それが少し寂しかったが、それ以上に寂しかったのはhとの別れだ。
私は地元を離れることが決定していたし、hもいよいよ勉強漬けの日々を送ることが決定していた。
塾以上に課外活動に力を費やすとのこと。
当然、一緒に遊んだりすることはなくなるだろう。
2人だけで会話することもない。
完全に別々の道。
寂しくてしょうがなかったが、仕方のないことだと諦めていた。
諦めていたからこそ、hに話しかけなかった。
話しかけたら、諦めたくなくなるから。
そうして迎えた卒業式。
特別何の変りもなく、別れの時は水のように流れていった。
卒業式が終わり、流れゆく水に何とか粘度を持たせようとみんなで教室にたむろっているとhから久々に話しかけられた。
「タンナ!借りてたもの返す!」
既に何を貸したのか忘れていた私は見覚えがないと言った顔をした。
そのまま案内されるままに廊下に出て、人目につかない場所へと誘導された。
何事かとドキドキしている私と向かい合って笑ったh。
「はい!手を出して!」
言われるがまま私が手を出すとコロンと消しゴムが彼女の手から落とされた。
「あの時はありがとうね!」
そう言って消しゴムを持った私の手と無理やり握手をした。
そういえば最初の関係性は私が消しゴムを貸したことが始まりだったのか。
すっかり忘れていた。
「あぁ、hさんに貸してた消しゴム!忘れてたなぁ!」
「ひっどい!でも、借りたものはもう使っちゃったから新しいの買って来たの!」
「わざわざありがと、そういえばhさんはこのキャラクター好きだったんだよね?」
「いや、アタシそのキャラクター、消しゴムで初めて知ってたんだ!」
その後、今後の話を少ししてみんなの元に帰ることに。
私が出ていこうとしたときhが「大人になったらまた会おうね!」と言った。
私も「うん、また会おうね」と約束した。
「じゃあ忘れない様にさ!今日渡した消しゴムを使わないで持っててよ!」
「せっかくもらったのに?!まぁいいけど」
「守ってね約束だよ!」
そう言って彼女は走ってクラスに戻っていった。
これが彼女との最後の会話だった。
消しゴムケースの中
その後、私は進学してからというものmほとんど彼女との接点はない。
時折あった旧友との会話の中で、彼女も忙しそうとの噂をたまに聞いたりした。
そんな噂を聞くと、決まって彼女との思い出を振り返る。
消しゴムの貸し借りからよくぞあそこまで関係を深めていったもんだ、と自分の好意を賞賛していた。

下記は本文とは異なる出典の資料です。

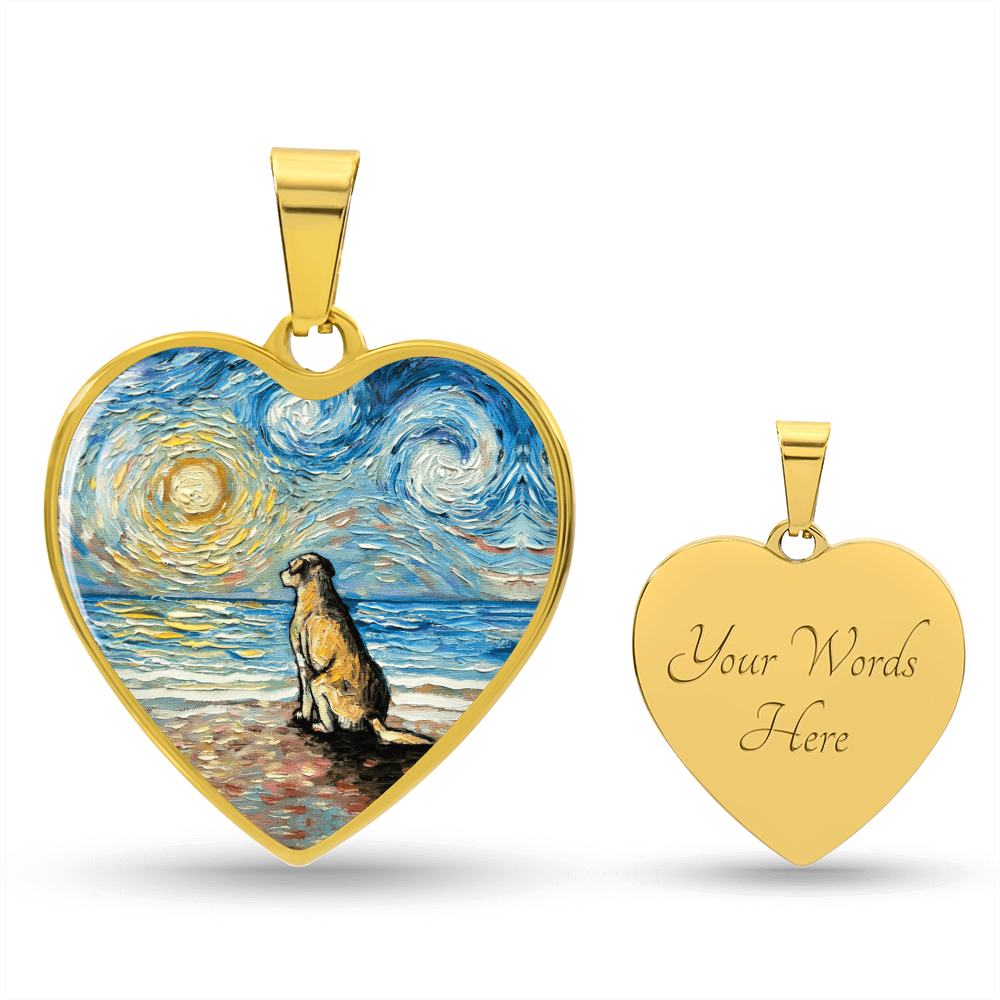 Beach Days - Yellow Labrador Heart Necklace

ただ、彼女には与えられっぱなしだったと大人になってから後悔していた。
彼女に与えられたもので一番有益だったのは「変化」だ。
緊張しいで人と関わることを避けていた自分が、最終的に集団の一人となれたのは間違いなく彼女のおかげ。
人生に「もし……」はないとはいえ、暇つぶしに彼女と会わなかったら、もし席が違ったらと考える。
どういう人生になったかは分からないけど、今まで経験してきたことを考えると、あの時に仏心を出して消しゴムを貸してよかったと思う。

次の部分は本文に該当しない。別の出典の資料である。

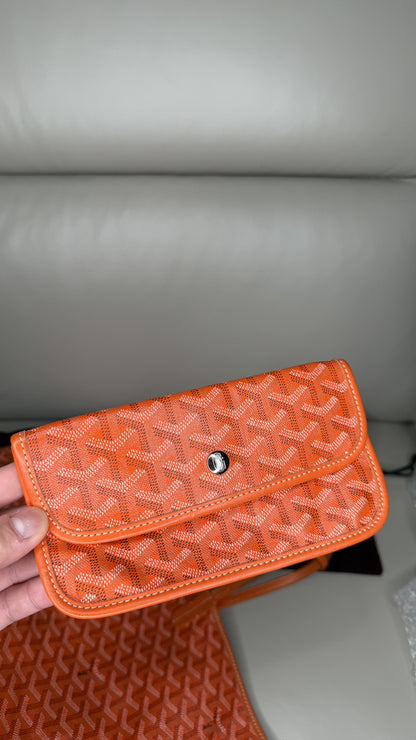 Goyard Saint Louis PM Tote in Orange Chevron Canvas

時には自分の心に浮かんだものを頼りに行動してみるもんだ。
その後、いろいろなことがあって地元を離れて仕事をしていた。
たが、働きだして五年になる年に父が鬼箱に入籍。
それを機に退職して実家へと帰還。
その後は有給休暇を消化しつつ、父が亡くなり広くなった家に住んでいた。
仕事こそないものの、次の仕事のためにスキルアップをすべく様々な書籍を読み漁っていた。
仕事もなく充実した読書生活を送ることの喜びに身を浸しつつ、確実に衰えていく体。
さすがに動かな過ぎて、体中に痛みを感じるようになった。
運動不足解消のために年末の街を歩いていた。
地元の連中は県外で仕事をしたり家庭を持ったりしているので、遊びに出かけるような友達はいない。
一人寂しく散歩をしていると、昔とは変わった街並みを実感する。
変化に怯えながらも歩みは止めない。
そして数少ない喫煙所に到着して一服をしていた。
先客に金をもってそうな女性が細い煙草を咥えていた。
その人と離れた場所で煙草を吸った。
すると、運動不足の私には散歩すらきつかったのか、足がプルプルと震え出した。
自身の情けなさに苦笑していると女性がこっちを見ていた。
そりゃ、いい年した男が震えながら煙草に火をつけてるんだから怖いよな。
そう思って火を消して立ち去ろうとした。
「ねぇ、タンナ君?」
私の名前を呼びかけられたので振り向くとその女性だった。
「覚えてる?hだよ!」
すっかり大人になった彼女と喫煙所で再開した。
驚きのあまり、せき込んでしまった。
すると彼女は笑った。
若かったころとは違う、渋みと深い悲しみの表情が感じられる笑顔だった。
よく見ると、しわや目の下の隈ができている。
かく言う私もひげを生やして目の下に隈がある。
お互い年を取ったということを顔から感じ取る。
せき込みも収まり、ようやくまともに話せるようになった私は「まさか、地元にいると思わなかった!」と話しかけた。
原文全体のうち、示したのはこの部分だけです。